For the past 2 years, I’ve been investing in consumer debt via Lending Club, which is kind of like a crowd-funded credit card company. When people need personal loans, they can go to a place like LC where people like me chip in money for them to refinance credit cards, renovate a kitchen, build a pool in their backyard, etc. One personal loan could be funded by as many as 1400 different people (loans are up to 35k, and you can invest in “notes”, which are multiples of 25 dollars).
During the 26 months that I’ve been participating in LC, my investments have done pretty well. I’ve averaged a return of just over 7% per year. All things considered, I’m pretty satisfied with the way things have turned out. What really surprised me is how most people are diligently paying off their debts.
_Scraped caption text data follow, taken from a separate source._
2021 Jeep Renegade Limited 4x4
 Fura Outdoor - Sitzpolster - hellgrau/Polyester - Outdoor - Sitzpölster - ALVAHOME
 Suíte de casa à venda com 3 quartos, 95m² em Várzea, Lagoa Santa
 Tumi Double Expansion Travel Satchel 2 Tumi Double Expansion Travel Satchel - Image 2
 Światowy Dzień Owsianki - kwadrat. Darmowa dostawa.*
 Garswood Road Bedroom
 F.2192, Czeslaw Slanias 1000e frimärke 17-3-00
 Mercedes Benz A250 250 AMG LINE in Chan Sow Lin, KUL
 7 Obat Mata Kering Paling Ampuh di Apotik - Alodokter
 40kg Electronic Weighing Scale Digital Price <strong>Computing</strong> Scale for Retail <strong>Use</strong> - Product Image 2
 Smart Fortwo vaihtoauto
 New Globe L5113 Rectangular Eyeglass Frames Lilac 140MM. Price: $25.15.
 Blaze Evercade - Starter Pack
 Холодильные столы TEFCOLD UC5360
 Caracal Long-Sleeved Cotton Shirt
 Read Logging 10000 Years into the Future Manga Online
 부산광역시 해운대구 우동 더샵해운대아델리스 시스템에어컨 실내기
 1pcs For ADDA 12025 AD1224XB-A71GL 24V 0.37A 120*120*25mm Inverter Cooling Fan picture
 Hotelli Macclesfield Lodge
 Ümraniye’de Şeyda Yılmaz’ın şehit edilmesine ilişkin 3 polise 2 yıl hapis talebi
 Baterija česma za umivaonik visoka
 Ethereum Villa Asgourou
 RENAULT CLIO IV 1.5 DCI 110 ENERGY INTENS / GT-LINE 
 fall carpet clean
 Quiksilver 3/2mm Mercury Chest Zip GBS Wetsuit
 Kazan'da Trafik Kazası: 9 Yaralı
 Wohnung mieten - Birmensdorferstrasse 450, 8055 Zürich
Only 5% of the people I loaned money to are late or in default on their debt.
Each loan application has information that the prospective borrower has to fill out that lenders like me can look at. None of the information can be used to identify the borrower, but we do get to see things like their salary, credit score, location, and whether they rent or own. Every time I see that a note has gone into arrears, I take a look at the profile of the loan.
Some of those loans get marked in the books as a total loss. You can see a steep drop in the borrower’s credit score when that happens. The borrower usually files for Chapter 7 bankruptcy and then their debt obligation gets charged off. Half of the deadbeats are garden variety cases. They don’t make a lot of money and borrowed a decent amount at a high interest rate.
But the other half gave me a pretty big shock. They all made good money (two of the borrowers had income in the low six figures, the other 3 made at least 80k/y), had good credit scores and low amounts of debt, and yet they still failed to make payments on the loan they took out from LC. There’s a very weird feeling you get when a person who makes more money than you defaults on a loan you gave them.
If you’re making 165k per year and you live in a suburb of Philadelphia, there’s no reason why you shouldn’t be able to make payments on a 15k loan. And yes, that’s a real note in my portfolio that got charged off after the borrower filed for Chapter 7.
Don’t get me wrong; I’m not particularly bothered by the fact that a few of the loans I made went bad. But I am surprised that quite a few of those bad loans were made by people who were doing pretty well in life.
And I’m sure they all have legitimate excuses as to why things went bad. But the truth is they shouldn’t have been borrowing money in the first place. When you’re that high up the income ladder, you should be saving as much money as possible because there’s a long way to fall if something goes wrong.
“I don’t make enough money.” That is the most common reason people give when they justify their lack of saving. People think to themselves, “if only I made 10, 20, 30k more per year, then I could really build up my savings”. But in most cases, they’re just kidding themselves. A lot of people reach their magical salary number where they said “that’s when I’ll start saving” and just spend all of that money instead.
The Honda gets ditched for a BMW. The crappy rental is quickly forgotten as you sign the lease to your new luxury apartment. White tablecloth restaurants become the norm after years of Mickey D’s. Your low rent wardrobe gets upgraded with clothes from upscale European fashion houses. The modern economy is designed to make it extremely easy to spend money while saving money has become a herculean feat of self-restraint and discipline.
If you want to borrow some money, guys like me will be more than happy to lend it to you. But borrowing to finance your lifestyle is one of the most destructive things you can do. About 2/3 of the loans on Lending Club are used to refinance credit cards. If you’re a recovering shopaholic, it makes sense to consolidate your debts into a lower interest rate. But you’ll be much better off if you don’t pile up consumer debt in the first place.